5
Location: East Bank of Mississippi River, near the Washington Ave. Bridge
Crew: Spaz (me)
Mission Time: 1/2 hrs
Difficulty: Easy
I happened to find myself biking down the river road this morning when I remembered seeing something on some person's web page late one night, about a tunnel entrance on the opposite bank, near where I was. I spotted not one, but two concrete structures on the far bank, and having nothing but time to kill, decided to check them out.
I crossed back over the river, through the university, and locked my bike up down by the long stairs from Coffman. From there, I hiked along a foot trail beneath the cliffs.
The first structure was just a concrete tunnel leading back into the river bank. A sign near the entrance warned of high pressure steam and CCTV surveillance cameras. Ssurveillance cameras, yah right.
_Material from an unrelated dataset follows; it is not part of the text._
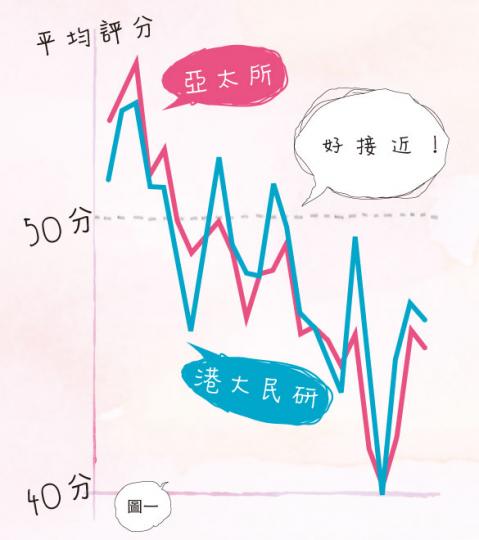 （明報製圖）（明報製圖）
The mouth of the tunnel was blocked by a iron gate. There was no way this was gonna budge
A look through the gate, and down into what becomes a sandstone tunnel. Beyond the darkness, the lower level U of M East Bank Steam Tunnels.
Defeated, I decided to move on to my next objective.
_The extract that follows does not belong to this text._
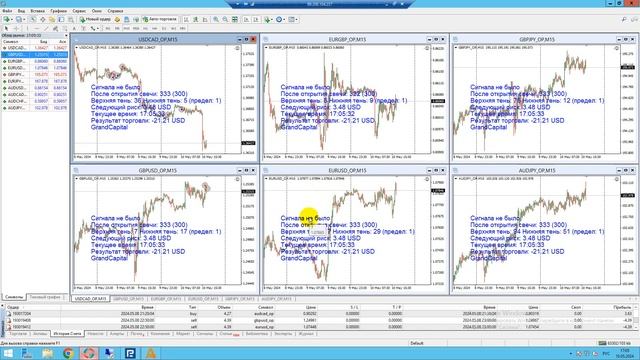 Толковые роботы для автоматического заработка! Сигна? смотреть онлайн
Looking back across the river at the Washington Ave. Bridge from the blocked steam tunnel entrance.
A few minutes later, I was looking down at the other structure that I had seen from across the Mississippi. It looked like the entrance to a bunker. I walked up to the door, to see if there was a way to open it. Unfortunately, the door was barred, by three bars of iron, bolted across the heavy door, but where there is a will, there is a way
The entrance to what ever is on the other side was barred shut. No one has gone through there for years.
A very large spider sits in the middle of its web near the door, only a taste of what is to come.
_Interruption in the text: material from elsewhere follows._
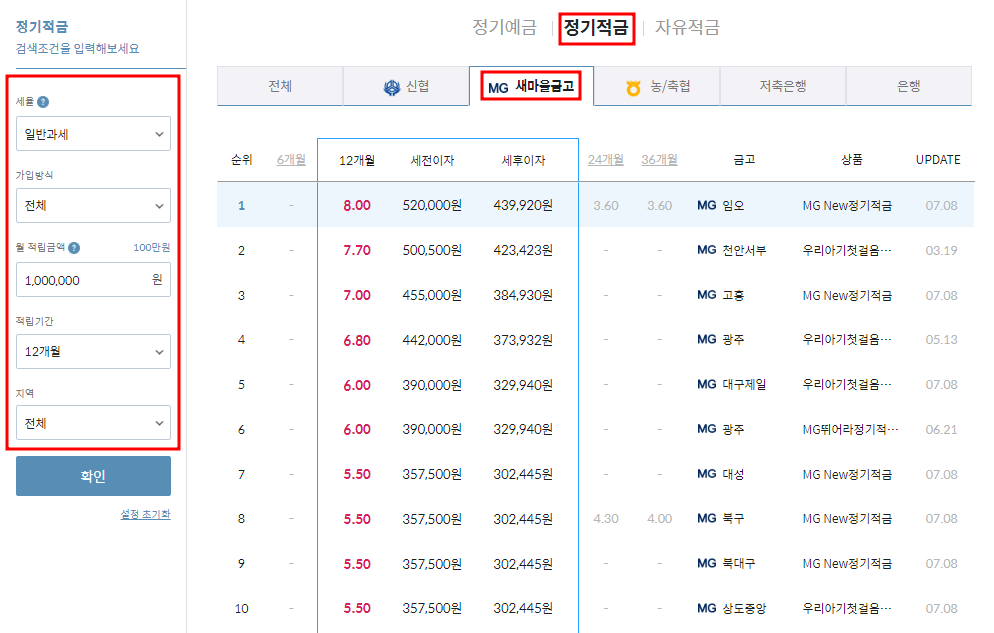 새마을금고 정기적금 금리비교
There is always another way in, especially in Urban Exploring, and what you seek might be closer that you think. That is what I did, I stopped to think... and listen. Soon I was ducking through a cement culvert beneath "the bunker", waving my spider wand (a stick I used to clear the nearly solid masses of sizeable spiders and cobwebs) in front of me as I went.
A few yards in, I arrived at a spot where a metal grate that would have welcomed people entering through the door, had been broken down (not an easy task), to provide access up in to the tunnel.
Water flows through the drain from campus above, through the tunnel, and into the river.
Standing up through the grate, and looking in to the still blackness beyond. This is as far as I got.
Lacking flashlights and backup, I didn't go any further in, so I went and ate breakfast/lunch at Coffamn, but will return soon. It is possible that this storm drain tunnel links to the U of M Steam Tunnels further back.